Sunday, February 24, 2013

Classic film, stunning book

I was in the kitchen this morning working on biscuits and gravy, when DH whistled, and said "It's beginning." As he was on the computer, I assumed something unpleasant was in the news, but no, this was actually something pleasant. A true classic film was just starting, rolling through the opening credits, in letterbox format no less! The Bridge On the River Kwai, with Sir Alec Guinness, and William Holden, Jack Hawkins and Sessue Hayakawa. A movie I have long loved--less as an historical account and more as a fascinating character study. Based off of Pierre Boulle's fine book, it is nonetheless a work of fiction wrapped around an historic series of events, namely the use of forced labor to build a rail line in Japanese-held south east Asia.

As I was listening to the opening sounds of the film, I realized I was hearing dialog I had never ever noted before, despite countless viewings of this film. Oh, the dialog was there, it just never registered before now. For since I last saw the film, I had read and obtained a rare-in-the-US book, Banzai You Bastards, by Jack Edwards.

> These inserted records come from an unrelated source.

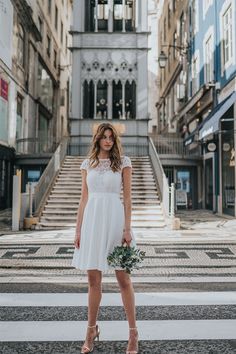 a woman is standing in front of some stairs holding a bouquet and looking at the camera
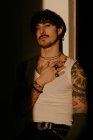 Joven chico elegante con bigote y tatuajes en camiseta blanca apoyada contra la pared, mirando en la cámara - foto de stock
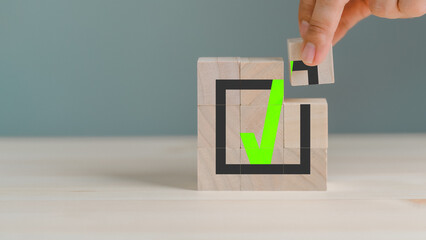 Hand placing wooden cube with green checkmark icon. Goals achievement and business success. Quality...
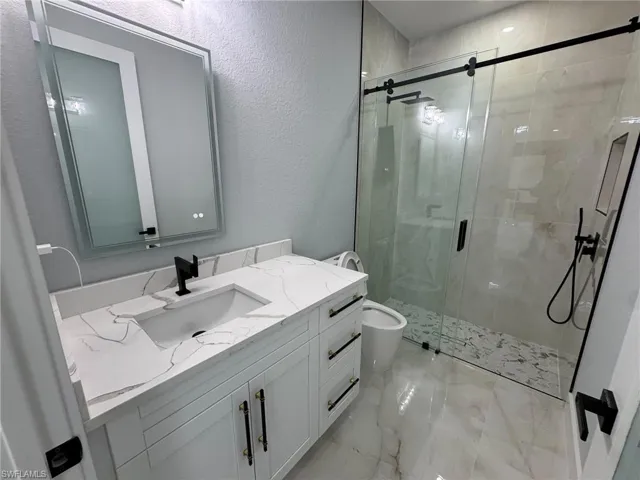 Bathroom featuring vanity, a textured wall, a shower stall, and light marble finish floors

A year or two ago, I had read a copy of that book, borrowed through Interlibrary Loan. There are very few copies in public libraries in the US, according to ILL, and mine was loaned from Montana, IIRC. It was a autographed copy, signed to a couple ladies--I have no idea how they came into contact with Jack Edwards, but they apparently bought a copy of his book and brought it back to the US. It is the autobiography of Edwards' life as a Japanese POW in the copper mines of Tiawan.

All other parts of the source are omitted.